Arrivés à la Cathédrale de Port-au-Prince, les fidèles et sympathisants ont pris place dans l’enceinte de l’église pour assister à la messe de clôture. Même si tous les rituels de la messe n’ont pas été respectés, les officiants ont tenu à faire la célébration. Le prêtre officiant a demandé à la foule ce qu’elle veut. À l’unisson tous ont répondu, la démission du président Jovenel Moïse. « La voix du peuple c’est la voix de Dieu », c’est ainsi que le prêtre a apprécié la réponse des fidèles. Il a rappelé que l’Église à l’impérieuse mission de se mettre aux côtés des démunis, des plus faibles et des laissés pour compte. Et, il a affirmé que son Église est toujours du côté des pauvres.

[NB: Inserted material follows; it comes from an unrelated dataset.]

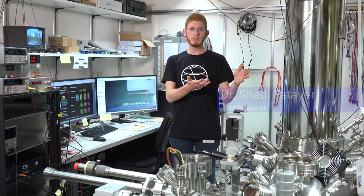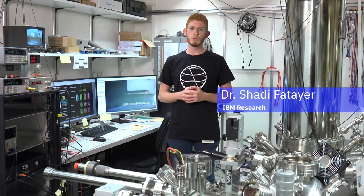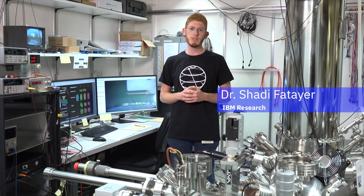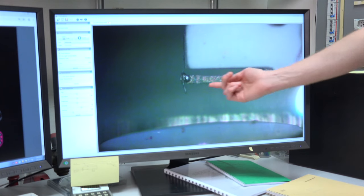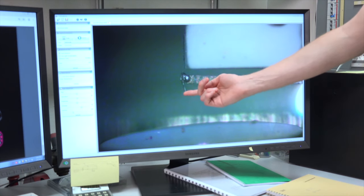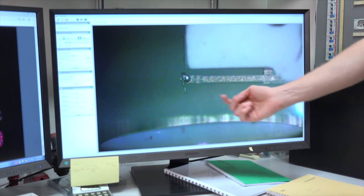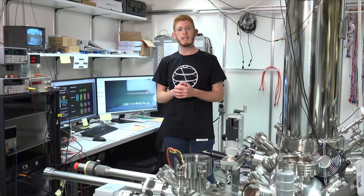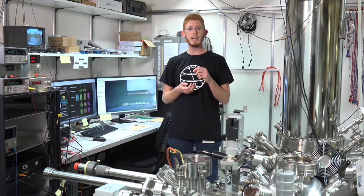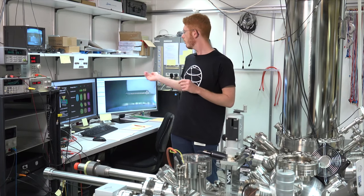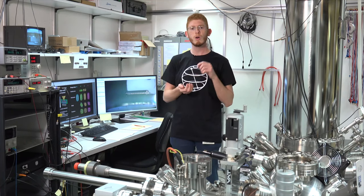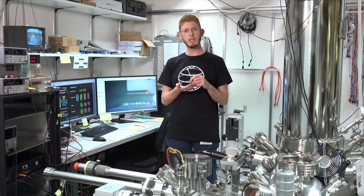This is the instrument that we used. It's an ultra-high vacuum, low temperature atomic force microscope. This is the cantilever that we have in our system, which is a Q-plus sensor. With that, we functionalize the tip of our sensor with a CO molecule.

Selon le prêtre de la célébration, l’Église ne peut pas fermer les yeux sur la situation actuelle du pays caractérisée par la corruption et la faillite des institutions républicaines. Pour lui, puisque la Bible déclare : « veillez et priez », l’Église doit jouer son rôle de défenseurs des plus faibles. Faisant allusion à pape Jean-Paul II lors de sa visite dans le pays en 1983, le prêtre a emprunté la phrase de défunt père pour envoyer un message clair aux autorités du pays. « Il faut que quelque chose change », a martelé l’officiant qui prône un changement radical dans le pays. Il interpelle les autorités du pays sur la nécessité de trouver une issue à la situation qui sévit dans le pays.

Cette possession de la parole a été organisée dans plusieurs grandes villes du pays à l’initiative de la Conférence haïtienne des religieux et religieuses. Par cet acte, l’Église catholique en Haïti veut manifester sa solidarité avec les fidèles et la population en général qui croupissent dans une situation préoccupante. Cette solidarité continuera. Les religieux ont annoncé une journée de « jeûne » pour vendredi 25 octobre afin de prier pour le pays.